THE PROBLEM: If pictures appear in the lines below, skip them and copy exactly the lines from the one containing "SAHİBİNDEN TEMİZ HYUNDAİ İ 30" through the one containing "Imagen ¿Colocarán bandera", and nothing else.

DATASET RECORDS:

********************

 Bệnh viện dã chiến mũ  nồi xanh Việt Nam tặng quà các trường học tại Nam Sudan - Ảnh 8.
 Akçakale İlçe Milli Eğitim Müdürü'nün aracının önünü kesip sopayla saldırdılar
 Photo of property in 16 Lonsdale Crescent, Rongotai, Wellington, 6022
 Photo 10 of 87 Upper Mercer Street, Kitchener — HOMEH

********************

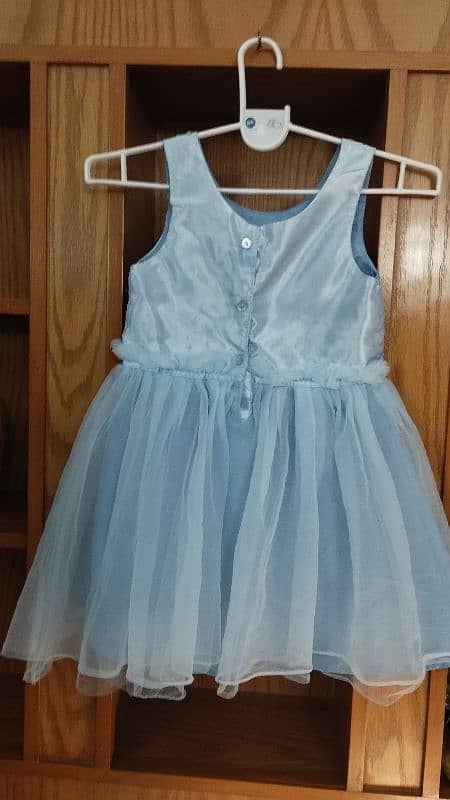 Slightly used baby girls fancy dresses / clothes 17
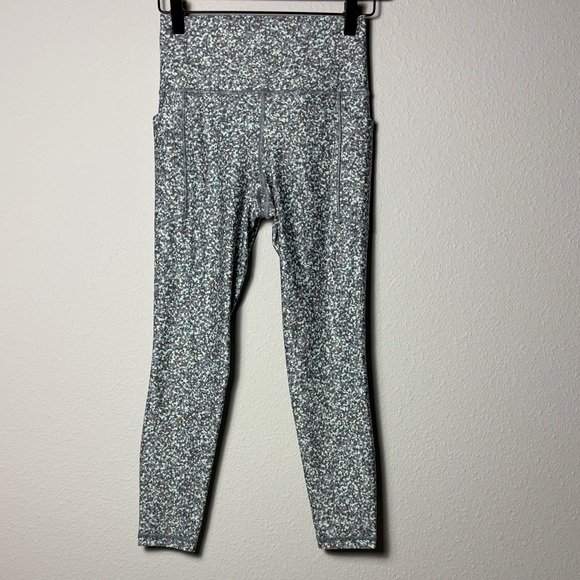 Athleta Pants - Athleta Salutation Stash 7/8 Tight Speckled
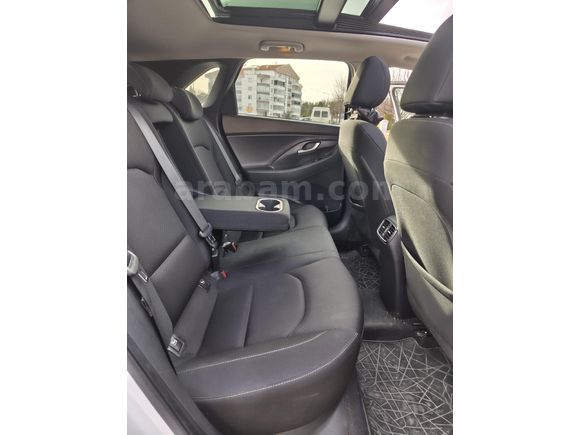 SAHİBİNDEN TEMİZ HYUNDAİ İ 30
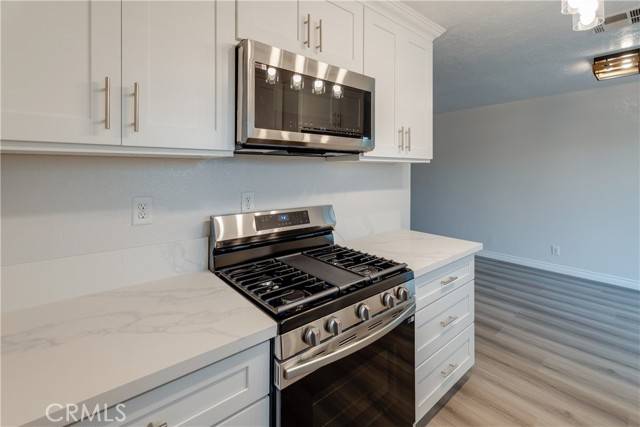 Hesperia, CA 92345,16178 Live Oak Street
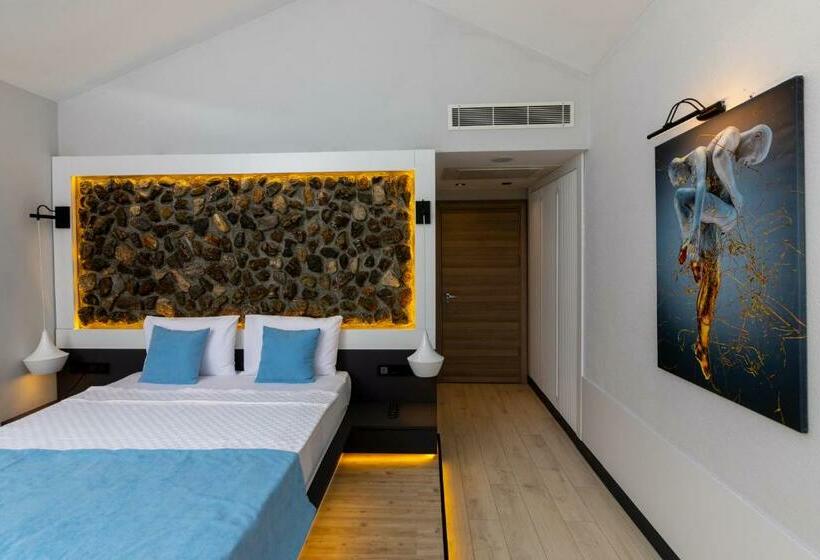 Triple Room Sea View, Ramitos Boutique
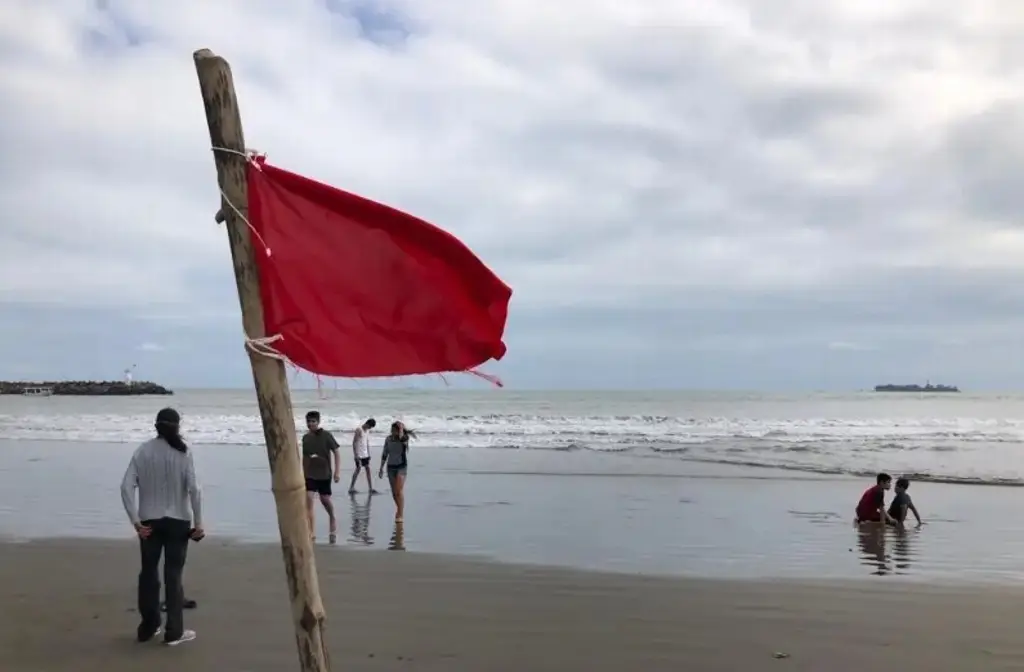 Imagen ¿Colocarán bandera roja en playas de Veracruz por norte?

********************

YOUR SOLUTION:
 SAHİBİNDEN TEMİZ HYUNDAİ İ 30
 Hesperia, CA 92345,16178 Live Oak Street
 Triple Room Sea View, Ramitos Boutique
 Imagen ¿Colocarán bandera roja en playas de Veracruz por norte?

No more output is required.